L’influence du territoire et des espaces de vie sur l’individu est indéniable. Edward T. Hall, anthropologue américain, a défini l’espace de vie comme partie intégrante de l’Homme et de son identité, dans ses études des distances sociales, dite proxémie. Les conditions géographiques et climatiques du pays d’origine ou d’expatriation génèrent, elles-mêmes, une complexité d’adaptation.
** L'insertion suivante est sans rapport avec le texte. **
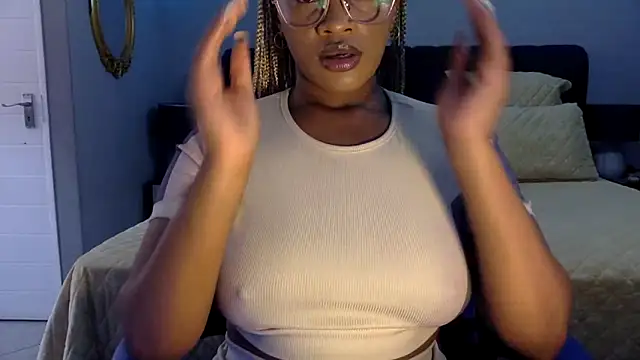 Snapshot of BOOTYBANGER24xx chatting on November 2025 07:36:02 AM BOOTYBANGER24xx online show from November 2025 07:36:02 AM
Par exemple, la personne qui revient de 15 ans d’expatriation au Canada et s’installe en périphérie de Marseille est confrontée à un tohu-bohu dans la pratique de ses activités de vie et de déplacements (activités sportives, espace de vie sociale…).
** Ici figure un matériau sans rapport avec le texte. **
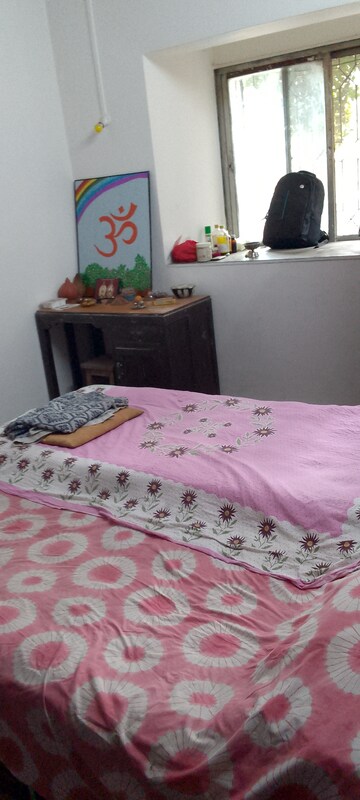 Room in  Pg at Vile Parle East – for Rent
Élément fondamental de la dynamique du retour en France, le choix du lieu d’installation va dépendre des paramètres suivants :

  • Rapprochement familial

  • Proximité lieu de travail ou du potentiel d’activité professionnelle

  • Rapprochement de la nature

  • Proximité d’un aéroport international

  • Diversité culturelle de la ville, de la région, etc.

Le choix de la ville, le choix du quartier, dans ce déménagement à multiples facettes sont des facteurs de stress indiscutable pour l’individu.


Sur le plan culturel

Sur le plan culturel, de multiples variables entrent en lignes de compte :

  • Le pays d’expatriation et le degré de différences culturelles avec sa culture d’origine

  • Le degré d’interaction avec la culture d’accueil : plus on s’est immergé socialement et culturellement dans le pays d’adoption, plus il sera difficile de reprendre ses marques en France

  • Le degré d’interaction avec sa culture d’origine pendant la période à l’étranger : plus on a maintenu des liens étroits avec la France, plus il sera aisé d’y revenir.

  • L’environnement au retour : l’accueil institutionnel et le soutien de l’entourage peuvent être des agents facilitateurs au retour.

Lors du retour, l’impatrié peut avoir la sensation d’être au cœur d’un clash des cultures. Pendant la période à l’étranger, il est commun d’idéaliser, voire de fantasmer la France et sa culture. Dès sa prise de décision, il se met à rêver ce pays qui l’attend. L’impatrié navigue alors d’émotions en émotions, en passant par la nostalgie, l’excitation, la joie, la tristesse, le ressentiment, s’ensuit la période de lune de miel, suivi d’un dur retour à la réalité.


Sur le plan financier

Le retour est souvent synonyme de baisse du niveau de vie. Il peut être associé à des difficultés financières, voir une perte totale de revenu. Elle s’apparente à de la précarité pour certains, avec 22% des impatriés qui effectuent une demande de RSA. Un quart d’entre eux font aussi une demande d’aide au logement et 10% effectuent une demande de logement social (Nesterenko and Fréant, 2019 p. 24). Il apparaît donc douloureux, après avoir été en totale maîtrise de sa vie à l’étranger, de revenir à une situation personnelle s’apparentant parfois à un retour à la position d’adolescent et de dépendance.


Sur le plan administratif

Ce dernier point n’est pas des moindres. Les démarches administratives sont régulièrement mentionnées comme complications majeures par les impatriés. 95% des rentrants effectuent seuls leurs démarches administratives (Nesterenko and Fréant, 2019 p. 26).

L’impatrié doit faire face à des démarches administratives très lourdes : ré-affiliation à la sécurité sociale, CAF, Pole Emploi, Trésor Public, etc… À cela, s’ajoutent les démarches de visas et cartes de séjour des autres membres de la famille, dans le cas des familles binationales.

« C’est dur, la lourdeur administrative est compliquée à vivre, devoir tout recommencer à zéro et se sentir parfois étranger dans son pays tellement on ne connaît pas les procédés. »


Ce bouleversement à multiples facettes peut nécessiter l’accompagnement d’un coach professionnel dans la quête d’une reconstruction identitaire. Dans tous les cas, la préparation est le meilleur allié. Savoir à quoi s'attendre, et s'y préparer du mieux qu'on peut. Et demander de l'aide quand on ressent le besoin.